Шрифт:
Того же 3 ноября, выступая на Всероссийском совещании политпросветов губернских и уездных отделов народного образования, Ленин потребовал от пропагандистов решительно и повсеместно вбуравливать в головы мысль, что пришло время каждому человеку «стать или по эту, нашу, сторону, или по другую» и строго осознать «главенство политики коммунистической партии», которая «все исправляет, назначает и строит по одному принципу». К слову сказать, Махно в этой речи был помянут в числе «разнообразных форм контрреволюции», среди Юденичей, Колчаков, Петлюр и т. д. (46, т. 41, с. 401–403). Знай Махно об этой речи, у него был бы повод крепчайшим образом призадуматься. Совершенно ясно, что Ильич ни на йоту не изменил свою точку зрения, принцип диктатуры пролетариата оставался для него незыблемым, и столь же бессомнительным казалось то, что воплощается диктатура через повсеместное господство одной, коммунистической партии, несогласие или даже непринадлежность к которой уже есть контрреволюция.

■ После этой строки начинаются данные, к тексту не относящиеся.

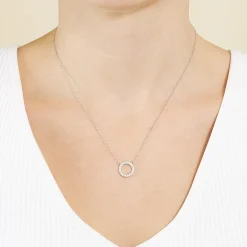 Silver Treasures Womens Cubic Zirconia Sterling Silver Round 18 Inch Pendant Necklace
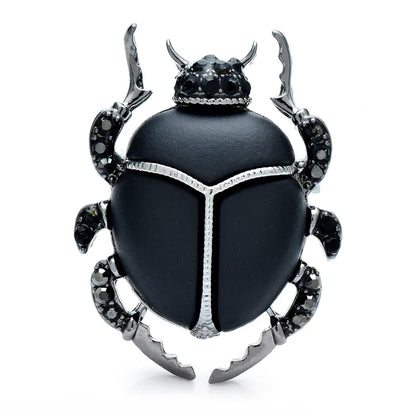 Wuli&baby Cute Blue Beetle Brooches Women Unisex Lovely Enamel Insects Party Casual Brooch Pins Gifts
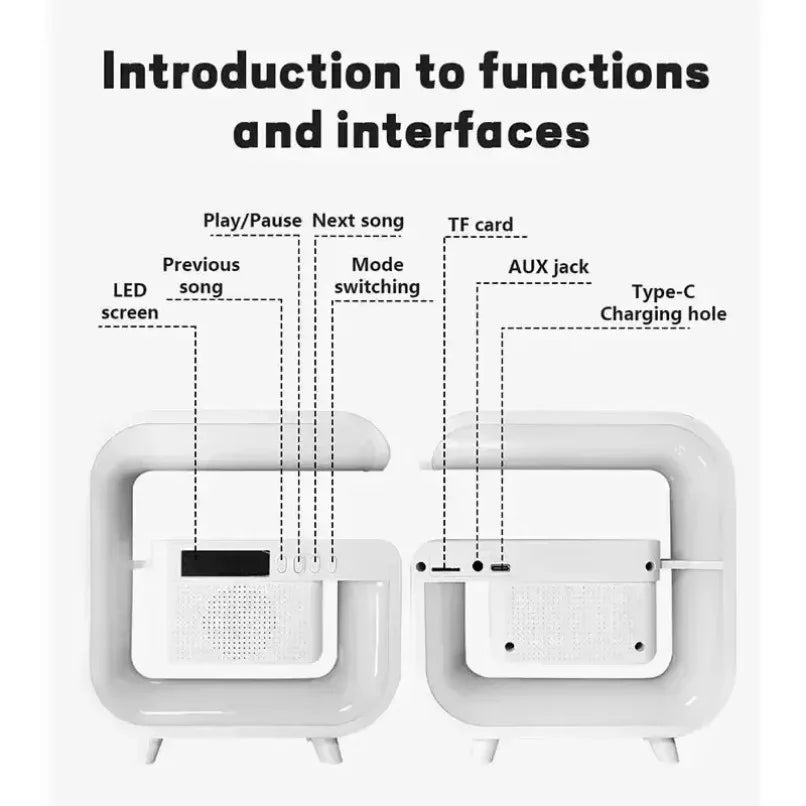 Multifunctional Atmosphere RGB Desk Clock Nightlight Wireless Charger Bluetooth Speakers for iPhone Samung Xiaomi Fast Charging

Но Махно не знал об этой речи. Он переживал последний взлет, последнюю эйфорию. После взятия повстанцами Гуляй-Поля Махно смог, наконец, перебраться в родное местечко из Старобельска, где его хоть и лечили, но держали, по специальному решению Екатеринославского губкома, в строгой изоляции от красных частей. Гуляй-Поле немного ожило, хотя оно было до полного уже изнеможения истерзано войной. Польский анархист Казимир Теслар, побывав в это время в Гуляй-Поле, потом писал: «Я был в Гуляй-Поле зимой. Окрестности и городок были густо засыпаны снегом. В каждом дворе стояла знаменитая „тачанка“ – знак того, что в каждом доме нашли приют повстанцы… Еще при въезде в городок я заметил окружавшие его заброшенные окопы. Когда же мы въехали в центр, я был поражен жестокостью войны, которая, прокатившись по этим местам, оставила глубокие следы повсюду. Лучшие дома были разрушены. Другие – и таких очень много, – сильно повреждены… Повсюду видны воронки и следы огня…» (94, 268–269).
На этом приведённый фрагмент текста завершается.